I'm teaching Fogel and Engerman's Time on the Cross next week which means that I will hopefully have one solid week of great discussion after great discussion. For tomorrow we're reading the prologue and chapters 1 and 2, and I'm thinking of starting off class with the classical quantification debates, although there are really 2 or 3 other arguments I can foresee bringing up in class tomorrow. They mainly have to do with methodology, especially since the new economic historians have been quite forceful in forwarding their perspective as the "real economic" perspective and this idea occupies a significant part of the prologue and beginning chapters. These new economic historians rely on statistical analysis of data and formal economic models to answer questions in history. It raises immediately the question of how applicable economic models really are to reality: isn't the point of economic theory to generalize economic behavior by deducing a set of primary factors and testing the model against data? How does this compare to the obsession with general equilibrium since World War 2? I am reminded of a quote by Ronald Coase:

"Economists have devoted themselves to studying imaginary systems, and they don't distinguish between the imaginary system and the real world."

(There's a better one with the same flavor that I can't find right now where he basically says that all the Nobel prizes in economics have gone to economists who study a world which doesn't exist.)

So the idea that we can apply economic models to questions of history seems ridiculous.

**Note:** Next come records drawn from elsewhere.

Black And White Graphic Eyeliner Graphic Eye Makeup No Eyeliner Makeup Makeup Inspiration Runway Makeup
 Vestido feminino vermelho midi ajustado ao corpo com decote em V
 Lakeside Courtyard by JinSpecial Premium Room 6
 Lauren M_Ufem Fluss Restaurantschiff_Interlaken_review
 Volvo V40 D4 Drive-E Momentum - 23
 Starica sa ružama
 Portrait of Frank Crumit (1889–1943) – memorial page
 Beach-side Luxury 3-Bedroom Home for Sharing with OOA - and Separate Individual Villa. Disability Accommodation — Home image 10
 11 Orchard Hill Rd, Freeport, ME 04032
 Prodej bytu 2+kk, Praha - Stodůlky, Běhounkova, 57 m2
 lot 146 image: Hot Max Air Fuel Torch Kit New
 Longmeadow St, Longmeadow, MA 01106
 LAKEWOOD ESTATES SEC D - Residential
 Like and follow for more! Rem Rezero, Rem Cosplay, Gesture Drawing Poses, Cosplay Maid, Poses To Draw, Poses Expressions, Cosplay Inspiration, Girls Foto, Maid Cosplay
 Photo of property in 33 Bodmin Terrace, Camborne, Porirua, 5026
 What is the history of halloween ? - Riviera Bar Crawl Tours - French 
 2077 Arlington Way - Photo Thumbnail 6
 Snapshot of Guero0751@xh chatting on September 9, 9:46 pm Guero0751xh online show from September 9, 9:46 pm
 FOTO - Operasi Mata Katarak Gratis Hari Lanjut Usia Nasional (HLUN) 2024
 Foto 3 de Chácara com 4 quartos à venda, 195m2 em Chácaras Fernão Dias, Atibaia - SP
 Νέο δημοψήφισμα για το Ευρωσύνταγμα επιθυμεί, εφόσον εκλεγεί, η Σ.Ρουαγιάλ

Especially since one of the central claims of McCloskey in "Does the Past Have Useful Economics?" is that we should be looking at history to inform our theory. There are other issues, such as how time has been dealt with in neoclassical economics (the answer: not very well, it's almost just like another dimension in space...), but this central point is very important because it strikes at the heart of what the new economic historians aim to do: reinterpret economic history using these models and data.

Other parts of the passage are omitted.